A raffle designed to put money in the coffers of a youth softball league in Texas is undergoing some changes after a few complaints about the supposedly inappropriate nature of the giveaway: the chance to win an AR-style rifle and a Glock handgun in particular.
Among those complaining; parent Elizabeth England, whose daughters have played in the South Montgomery Girls Softball League for the past ten years. And what exactly is England’s issue?
“I was like, okay not my favorite thing in the world but it’s Texas, it’s Montgomery County,” England said.
She got an email about a fall fundraiser and they were raffling off a gun. One entry is $25 and five entries are $100.
“It would be one thing if they were raffling off a hunting rifle, it’s about to be hunting season,” noted England. “This a semi-automatic Smith and Wesson AR 15 style rifle, one of those big scary-looking guns.”
I have news for England: every firearm is a deadly weapon, whether we’re talking about a Glock 17, a Smith & Wesson M&P 15T II, a revolver, repeating rifle, or a bolt-action hunting rifle with a warm and friendly wooden stock. That old-fashioned hunting rifle is likely to be more powerful than an AR-15, however, and honestly it sounds like England would be just as upset if organizers of the raffle had offered up any gun as a prize.
England says her concerns lie more with the timing and the “type” of weapon being raffled off.
“I don’t think it’s appropriate for a children’s activity to be raffling off this type of weapon. They wouldn’t raffle off a liquor and tobacco basket, they wouldn’t raffle off a gift card to a dispensary, those are not appropriate for children’s activities and I don’t think this is either.”
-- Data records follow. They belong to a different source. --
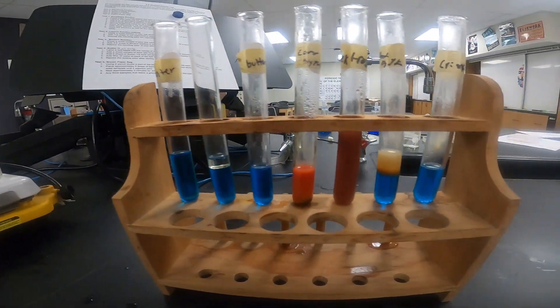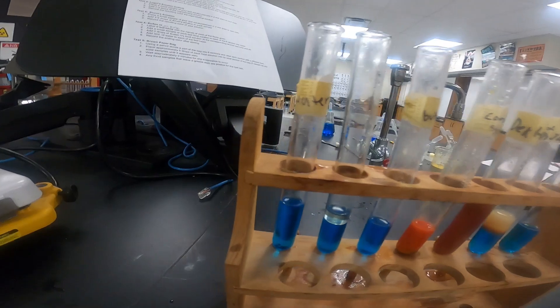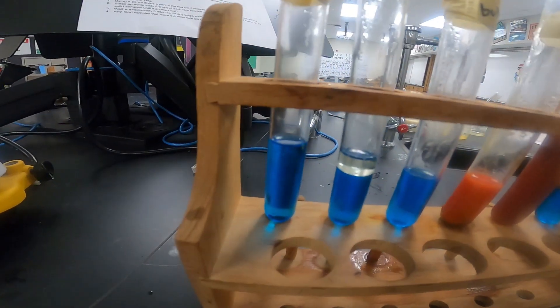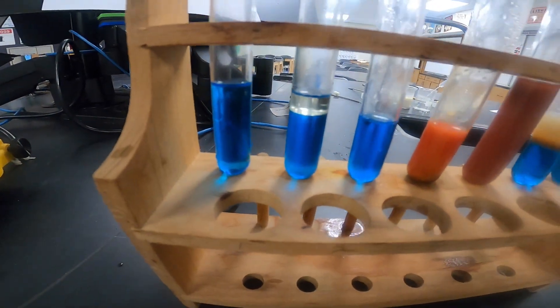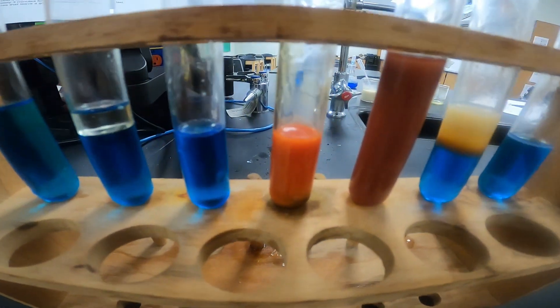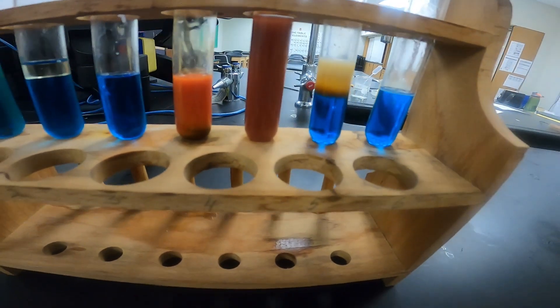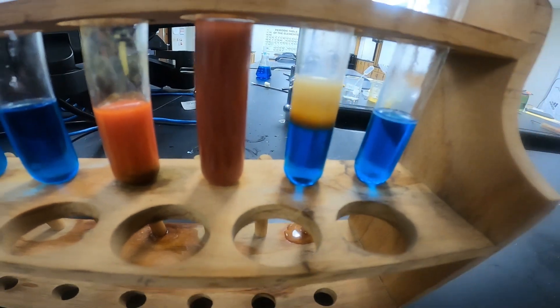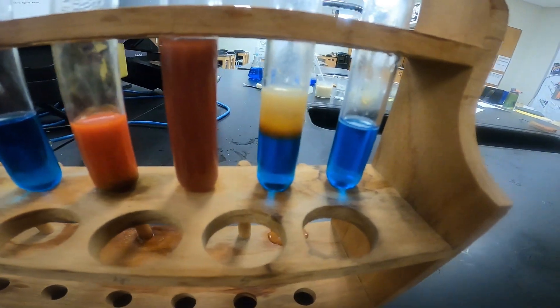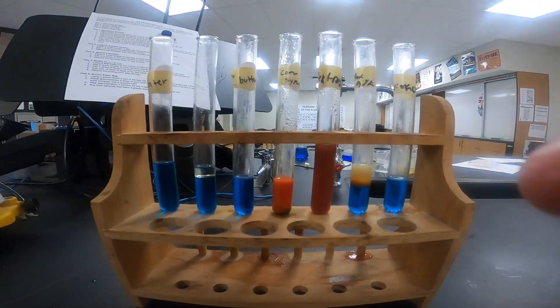Now that it's been about five minutes, we'll go ahead and remove our samples from the hot water bath. We can see we clearly have some color change. We'll let it cool for a couple minutes, but right now we can see the water's staying blue, our vegetable oil is also staying blue, our butter is still blue, our corn syrup has kind of a deep red color, our dextrose is a dark red — even almost purple. Our oatmeal has some orange color change at the top. We'll mix it up and see if that's throughout. And then Crisco stays blue as well.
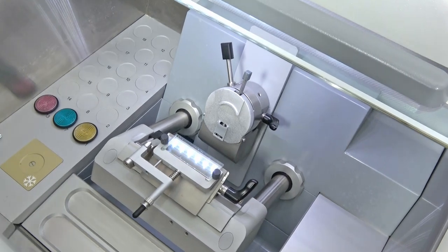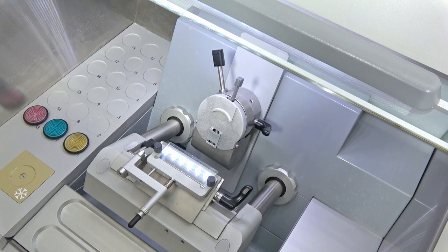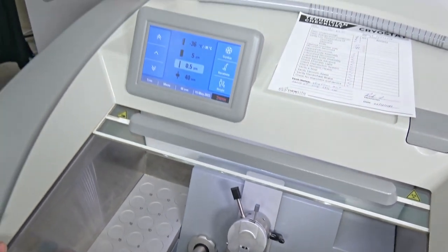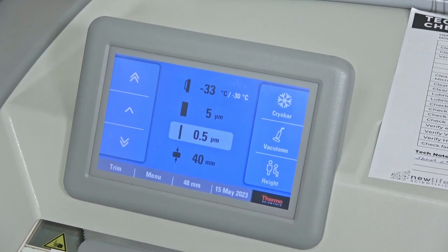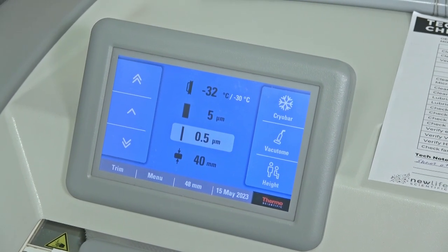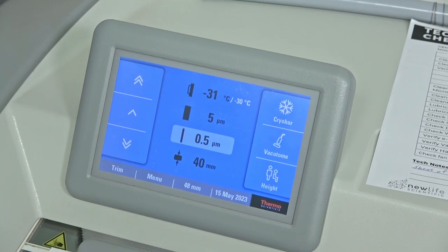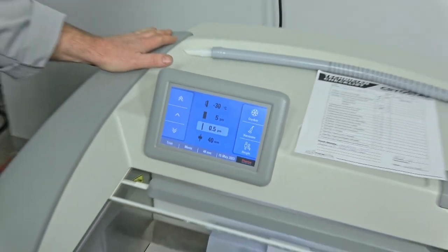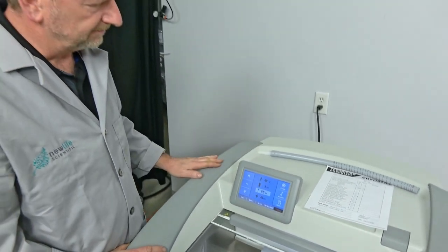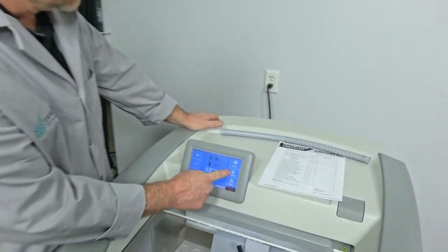We're going to see that Peltier kick in and the temperature drop quickly. I actually did replace a couple of the Peltiers — I put a brand new one in. It's sitting right behind this plate, so we've got top performance on that. You can see it's already coming up to negative 30 very fast, and it just hits that spot and holds it there. That's one of the really nice things, especially if you're doing some soft tissues like liver or brain.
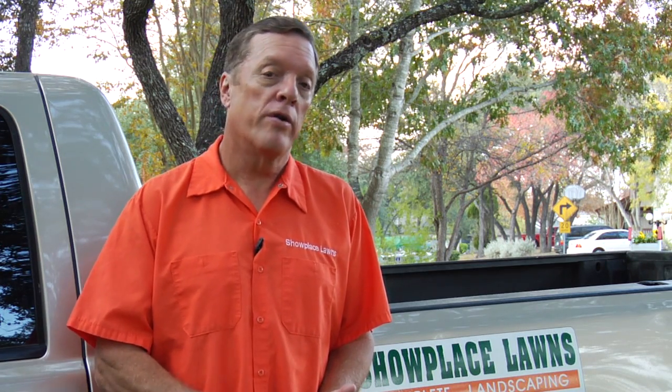Secondly, remember to keep the lawn watered. Your watering schedule will change from spring and summer, but the grass will still want water. Depending upon your rainfall and your area of the country, watering about once every two weeks should be about fine to keep that lawn healthy. Because as it goes dormant in the fall and through the winter, the roots are still very active and they need the water.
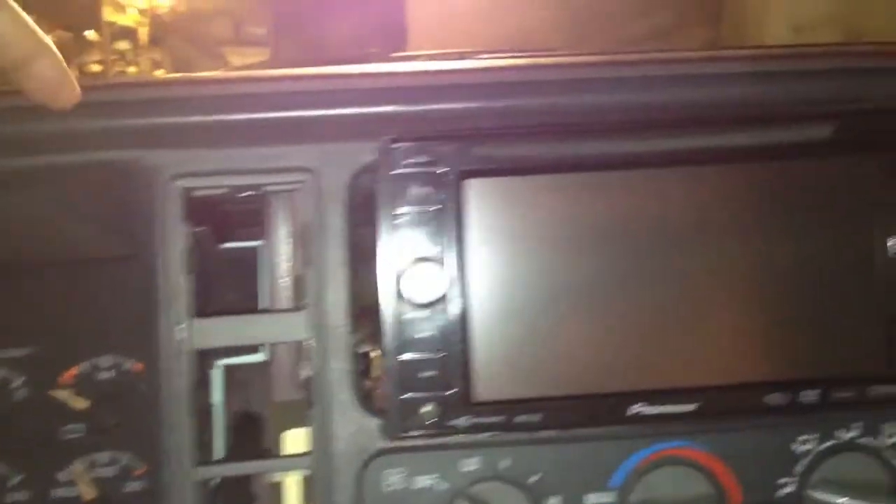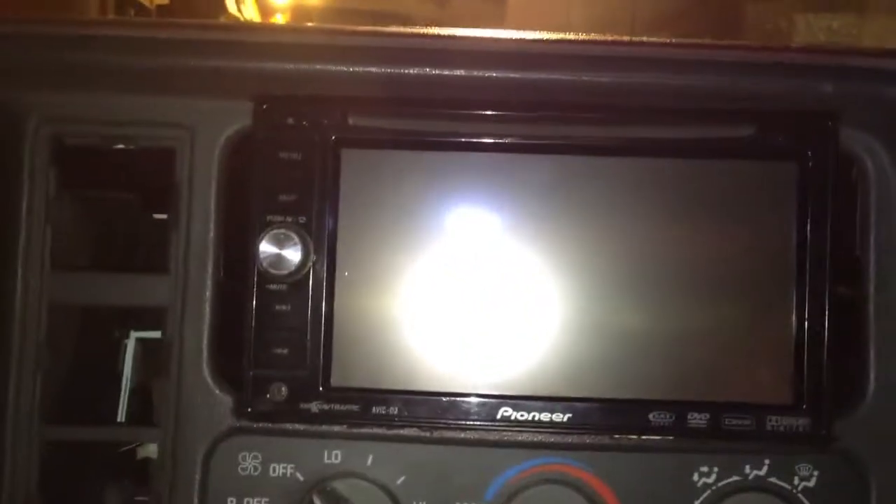All right everybody, this is your boy hello goodbye 8844. I got one of my old decks back from the car — y'all see I put it in.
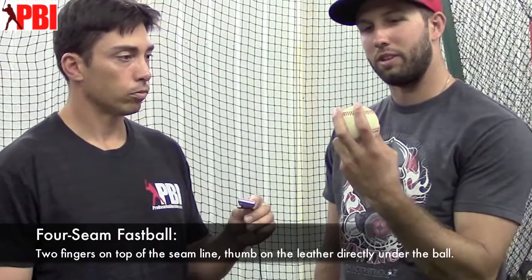Could you show us your grips for each of those? Absolutely. Four seam — pretty much standard four seam. Two seam: so instead of going in between the seams, I'm a little bit off center.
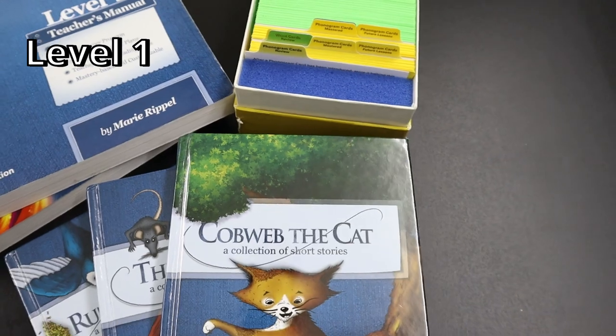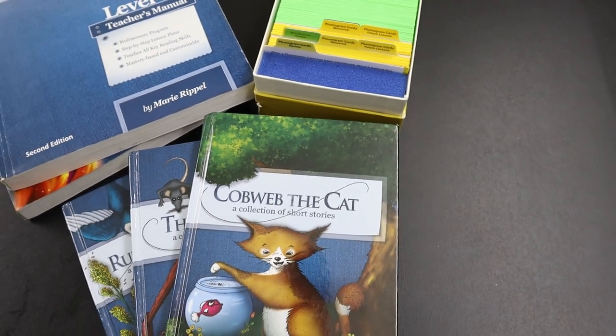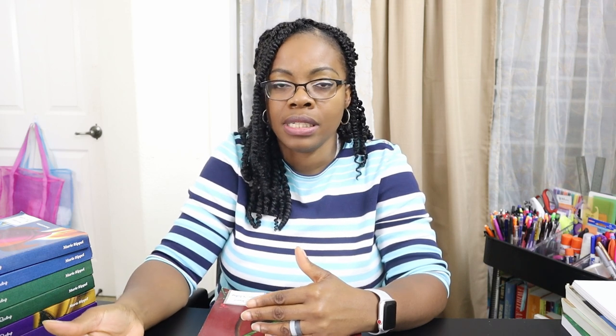The teacher's manual, the activity book, I even used the trackers, the phonogram cards, and the word cards — for her I used about a third of the word cards and then we kind of fell off from using those because I didn't see the need. The activities in Level 1 happened to line up with her grade; she was in 1st grade and we did some of the activities together with going through the word phrases.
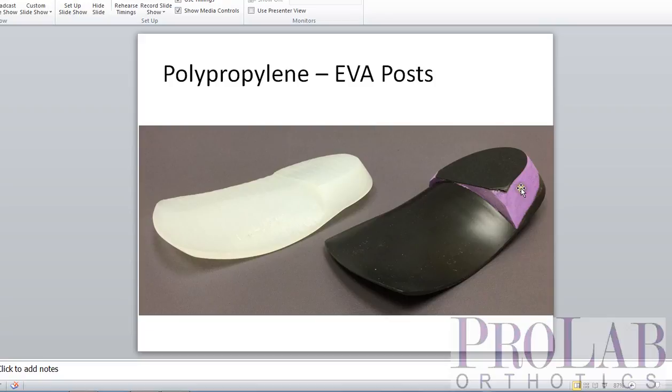The rear foot post is available on a vacuum formed polypropylene orthosis as either EVA or polypropylene, whereas a direct milled orthosis can only have a polypropylene rear foot post.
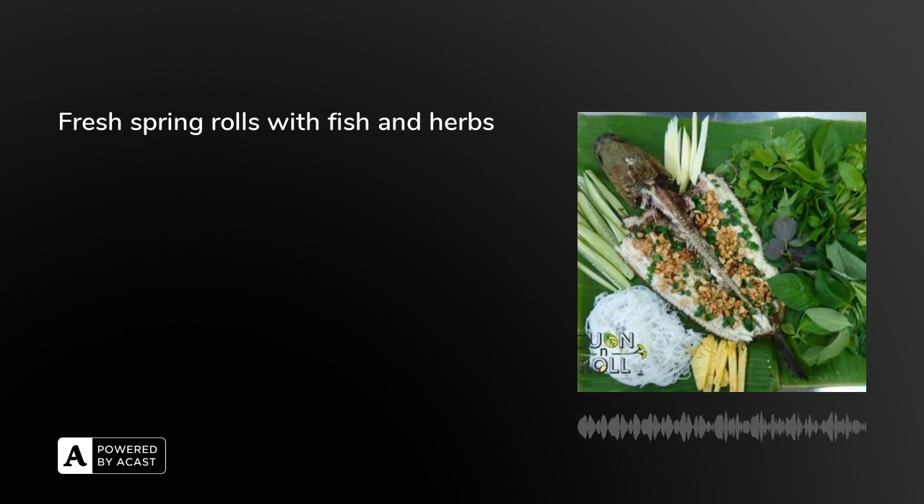Now it's time to roll the spring rolls. Put some herbs in the bottom first, or you can put some carrot, cucumber, and pineapple. After that, the noodle on top and then the fish on top. Please remember when you put the filling, put all the filling in the same layer with the rice paper. And then roll it up.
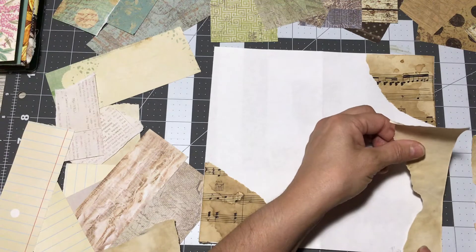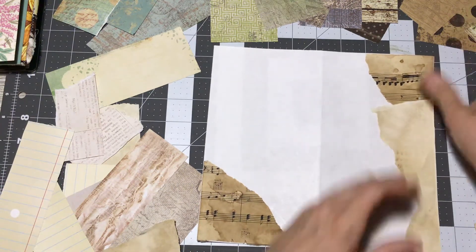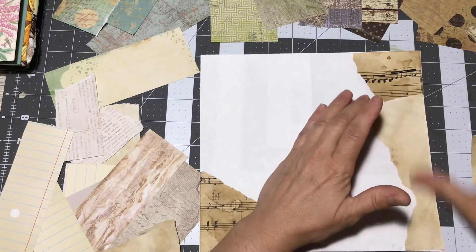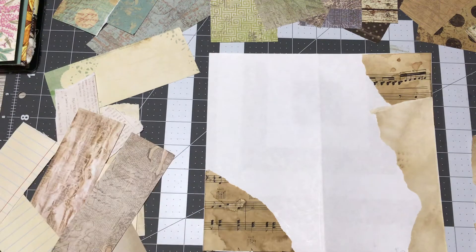This will be part one of several videos on making this cover into a TN — a travel journal that would actually be used for places I want to go, where I can record whatever I want and enjoy what I put inside of it.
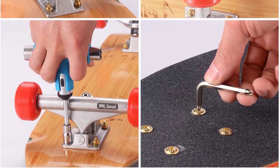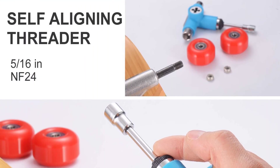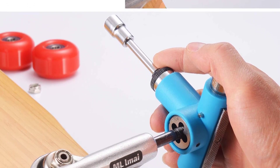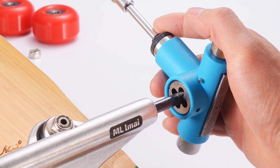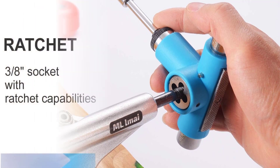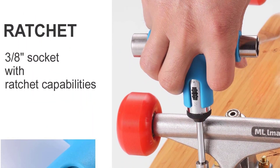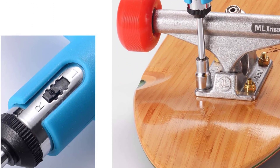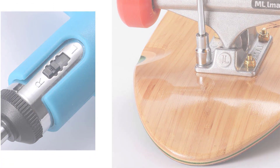The tool also features sealed packaging and a detachable Allen key that fits into the handle, preventing any loss of parts. Whether you need to tighten screws, change wheels or grip tape, clean your bearings, or repair screw threads, the Elmai Skate Tool has got you covered. Plus, with excellent after-sale service, your purchase is absolutely risk-free.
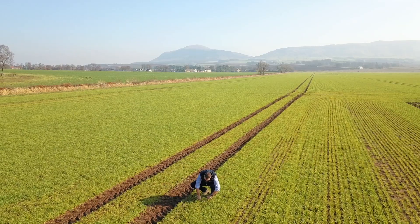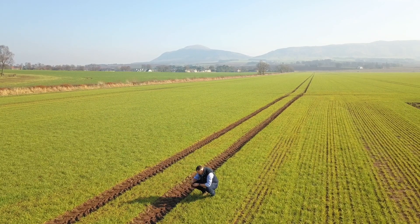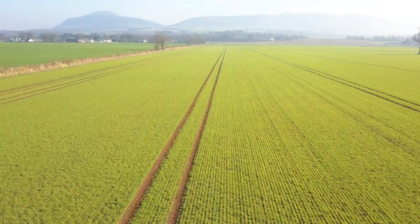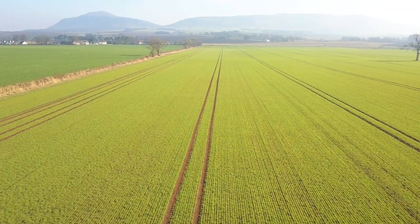As fieldwork gets underway, now is the time to maximise every spray opportunity to protect yield potential. Adding Cantor to your spray tank first ensures optimum pH, improved compatibility for larger tank mixes, and reduced drift for improving coverage.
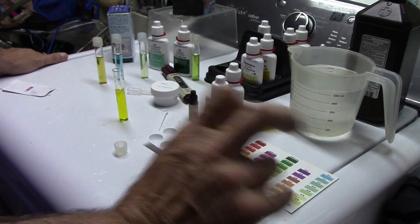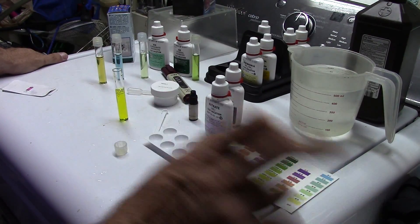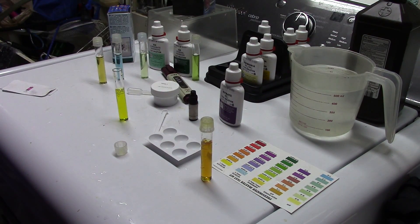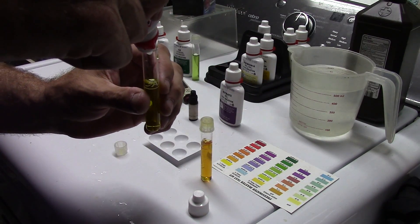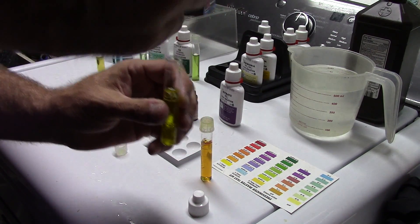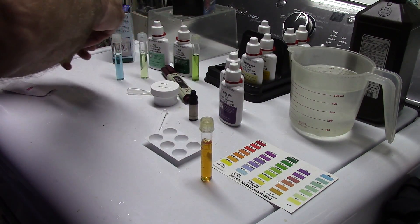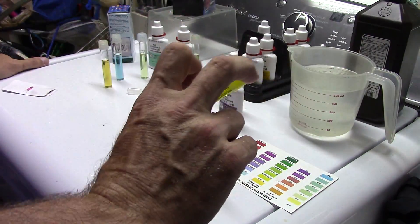Whenever I bring water home from the fish store I always like to check the water. That is one minute of vigorous shaking. Now we will do the same test — even though it's only been one minute I still feel it necessary to give another thorough shake to the second test bottle of nitrate solution. This vial — we are going to do this for one minute and see if it makes any difference.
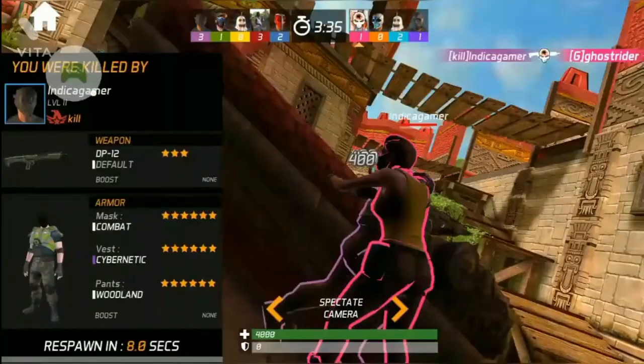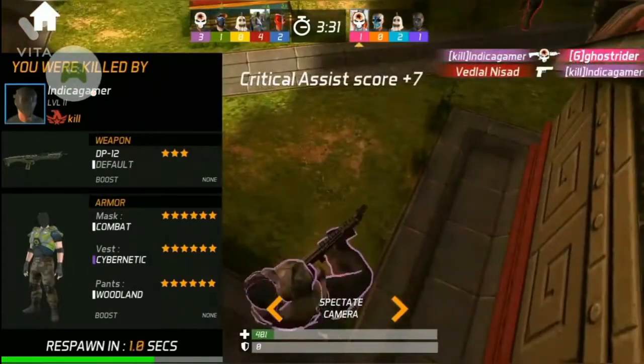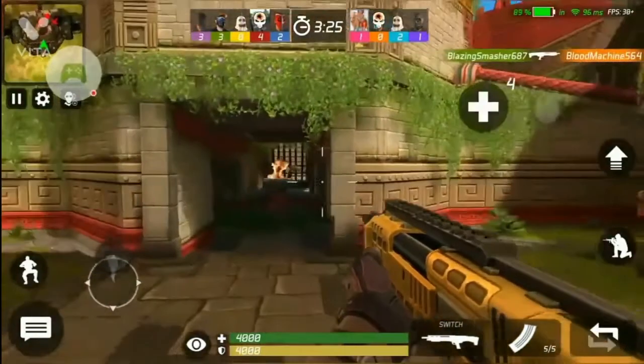This pack contains all types of gun sounds and SFX sounds. Please note that this pack is password protected. You will get the password somewhere in the video, so make sure you watch the video carefully.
I don’t what Texas law has to say about raffling off booze or tobacco, but I’d absolutely be willing to purchase a few tickets for a bourbon basket or a cigar giveaway, and what would be the issue? It’s not like kids are entering the raffle themselves. It’s their parents and other adult supporters of the youth softball league who are kicking in their cash to keep young athletes on the field, so why shouldn’t the raffle giveaway reflect the interests of adults and not the children who participate in the softball league?
While England’s complaints haven’t gone unheeded, I doubt she’s going to be pleased with the compromise the raffle organizers came up with.
In a statement to KPRC-TV, the league initially defended its decision. “The gun raffle is a legal and common practice,” they said.
“All winners will need to pass a background check before receiving any prize,” it continued. “If winners don’t pass the background check, they are deemed ineligible. SMGSL strives to be responsive to the needs of our membership.”
However, according to KPRC-TV, the league has responded to the outrage by swapping the prize. Instead of the guns, the raffle winner will receive a $1,400 gift card to Springs Gun and Ammo, a local gun store, the local news station reported.
Now England doesn’t have to fret about the league officially offering a “big scary-looking” gun as a prize, and the winner of the raffle can still pick out an AR-style rifle if they choose. Like I said, that probably doesn’t go far enough for the few opponents of the raffle (the league says its received three complaints from more than 500 families), but I applaud the league for sticking to its guns, so to speak. The primary purpose of this raffle may be designed to benefit the youth softball league, but it’s also an opportunity to stand up and speak out against those who would denormalize our right to keep and bear arms, and the league is sending a message of its own by refusing to give in to the demands of a handful of anti-gun advocates.